In the application of:
VALERIE ANN BADER First Plaintiff
CHARLES MICHAEL BADER N.O. Second Plaintiff
ANGELA LEE BADER N.O. Third Plaintiff
JOHANNES PETRUS BARNARD N.O. Fourth Plaintiff
DBF EXECUTORS SERVICES (PTY) LTD N.O.
(REPERSENTED BY DAVID LESLIE FISHER) Fifth Plaintiff
and
CENTRIQ INSURANCE COMPANY LIMITED Defendant
Coram: WEPENER J
Heard: 6 February 2017
Delivered: 16 February 2017
Summary: Insurance – section 156 of the Insolvency Act 24 of 1936. Section creates a distinct right – claimant not absolved as against insurer from proving that claim falls within the indemnity provisions of the policy
JUDGMENT
WEPENER J:
[1] This matter comes as a stated case before me. The facts are as follows:
‘The pleadings in the action remain relevant to the determination of the matter. . . .
AGREED FACTS
1. At all material times, the defendant was the insurer of Delru and agreed to indemnify Delru in terms of a policy attached to the particulars of claim marked ‘POC1’.
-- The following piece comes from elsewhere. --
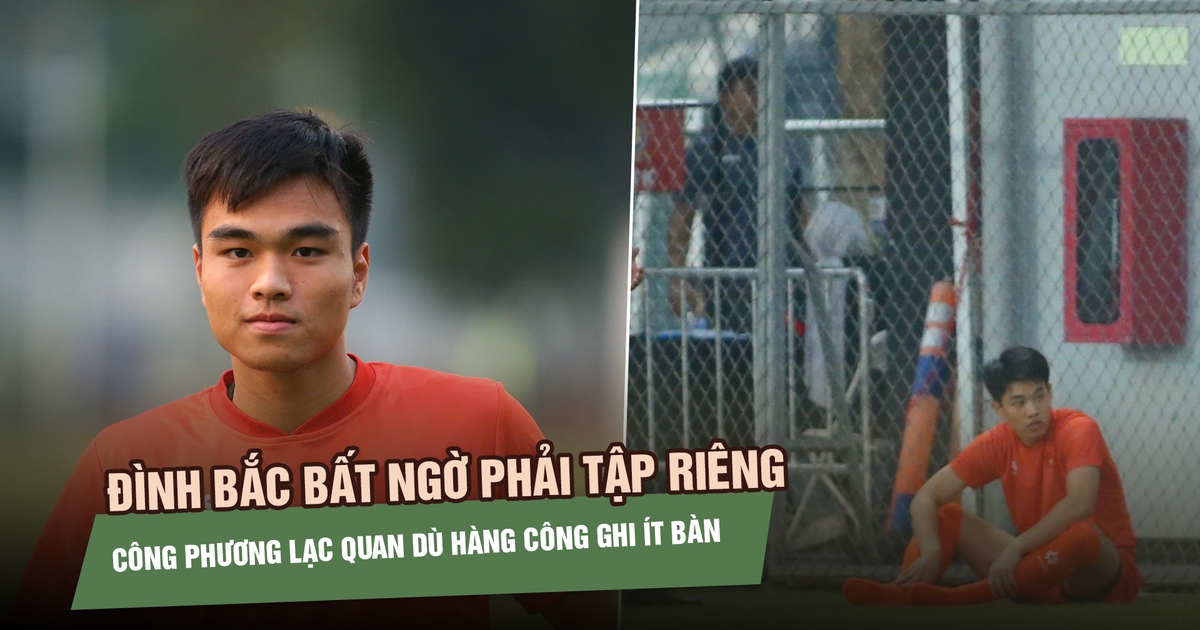 Đình Bắc bất ngờ phải tập riêng, Công Phương tự tin cạnh tranh được với đàn anh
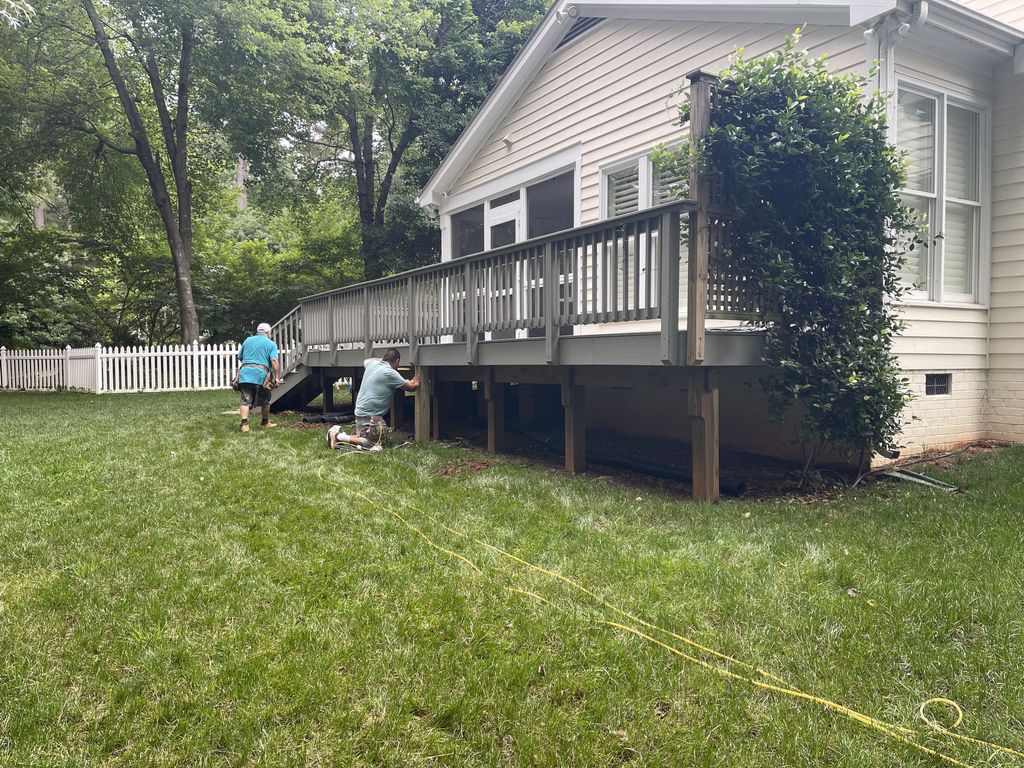 Deck Staining and Sealing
2. The policy was in place for the period of insurance 1 June 2009 until 31 May 2010.
3. The premiums due under the policy were paid and the policy was in force during February and March 2010.
4. On 26 February 2010, the plaintiffs made a claim against Delru for breach of professional duties to the plaintiffs and that claim was notified to the insurers during February or March 2010. A copy of the claim notification with plaintiffs’ letter is attached to the particulars of claim marked ‘PoC2’.
5. The defendant rejected the claim notified by Delru by letter dated 25 November 2011, attached to the particulars of claim marked ‘PoC3’.
6. The plaintiffs sued Delru under case number 57810/2011 in the Pretoria High Court and Delru joined the defendant to the action as a third party (‘the original action’).
7. The full pleadings in the original action are attached.
8. Shortly before the trial in the original action, Delru’s attorneys delivered a notice of withdrawal and at the trial, Delru was not represented. The plaintiffs and the defendant (then the third party) were represented at the trial.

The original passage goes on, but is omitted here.